Acaba de cruzar o Atlântico, direto de Portugal para minha casa,
a Coletânea de prosa e poesia - 2015 -"A Arte pela Escrita Oito"
da qual participo com as prosas "Depois do céu", "Estro" e "Acácia", numa publicação conjunta com EscritArtes Goretidias e a editora Mosaico de Palavras.
Gratidão imensa à Goreti Dias e Dionísio Dinis pelo convite. Parabenizo-os pelo belo formato e conteúdo da Coletânea, resultado do excelente trabalho e dedicação à Literatura. Parabéns também a todos os participantes de todas as nacionalidades. Tim-Tim!
Acácia
By Tere Tavares
Onde se esgarçavam os labirintos sorridentes do céu? Quando se despira a noite para que dançassem sobre si as estrelas?
“Os peixes beijam arbustos à linha da água que se perfila na argila da minha alma. Teu corpo. Eu sorrio para que venhas banhar-me a fronte com o burburinho dos pássaros. Será que o sono dos pássaros é um dormir? Germinei em ravinas as telas melódicas da realidade. Como dizer-me se não seria eu a falar o motivo da minha vinda incontornável. Numa lua que não vejo, penso cultivar o teu sorriso telúrico, a tua tez de orvalho num incêndio sem direção a ranger no horizonte, onde nascem as ancas anônimas do recomeço. Alguém indica onde está o arborescer que falta? À boca das proas alicerçadas nos teus olhos de harpa, tuas mãos de navios dedilhando-me em lentíssimas vagas, docemente”.
Inventou a luz, mas as estrelas não se perderam. Precisava de um manto para encobrir a desilusão na perícia inconclusa das metamorfoses para suster os pontos ínvios, coragem era tudo que lhe restava – mesmo ante o medo de perdê-la. A espessura lúcida evidenciava a volúpia vital que lhe envolvia os lábios, no diafragma das primícias diluídas e sem regresso, para onde confluem as palpitações das pedras, os alvéolos do vento. Não é somente as cepas de um espécime extinto ainda tilintando num sem rumo de solidão soprando-lhe os ombros, num tropeço entre espuma e água: marés, dardos e grãos.
“Não nos perdemos, apenas nos distraímos. Sabes? Aquele tempo incolor em que descascamos. Como gravetos de chuva. Criamos beleza, nunca o distanciamento”.
Então pousou os olhos sobre o seu brilho. Seu corpo. A terra em mais um pomar consumido em seu início intacto. À sua similitude.

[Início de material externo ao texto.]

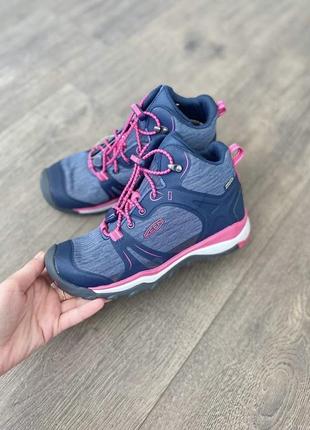 Ботинки деми оригинал keen гг.32/33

Escreveu esquecendo o tempo, abstraindo-se de tudo. As palavras pululavam em sua mente, num primeiro momento, fragmentadas em pensamentos e sentires, para não furtar-se à sinceridade dos personagens. O leitmotiv surgiu-lhe a partir da reflexão sobre o quanto é possível a des-configuração da imagem de si mesmo ou de outrem, ante os atropelos instados constantemente pelos acontecimentos e vicissitudes cotidianas, que a tudo querem dar forma brevíssima, por atalhos e caminhos imprevisíveis.

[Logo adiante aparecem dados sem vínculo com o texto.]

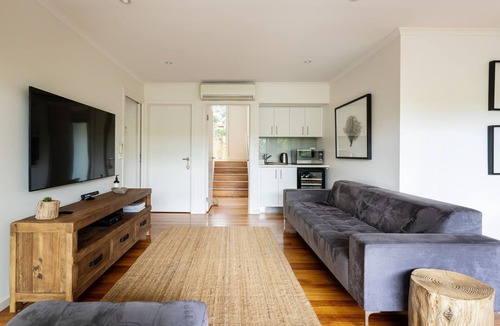 Rosebud House | Carrajung House - Rosebud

Deu lugar às paisagens que comumente não vemos, ao detalhe que muitas vezes nos escapa, nunca, porém, sem impregnarmo-nos dos seus rastros. Promoveu um prelúdio onde as emoções, aparentemente, se destroçavam.

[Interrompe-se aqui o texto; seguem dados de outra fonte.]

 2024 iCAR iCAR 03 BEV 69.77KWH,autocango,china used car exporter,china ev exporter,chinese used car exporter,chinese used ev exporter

O único e o outro, também único, tracejam, coincidem num pacto capaz de promover resgates, aproximações impensadas. Sentiu e quis insinuar ou subverter como objetivo daquele instante criativo, a possibilidade, sempre existente, de um momento de busca que se bifurca entre uma e outra alma. Como na confluência de dois rios: o encontro.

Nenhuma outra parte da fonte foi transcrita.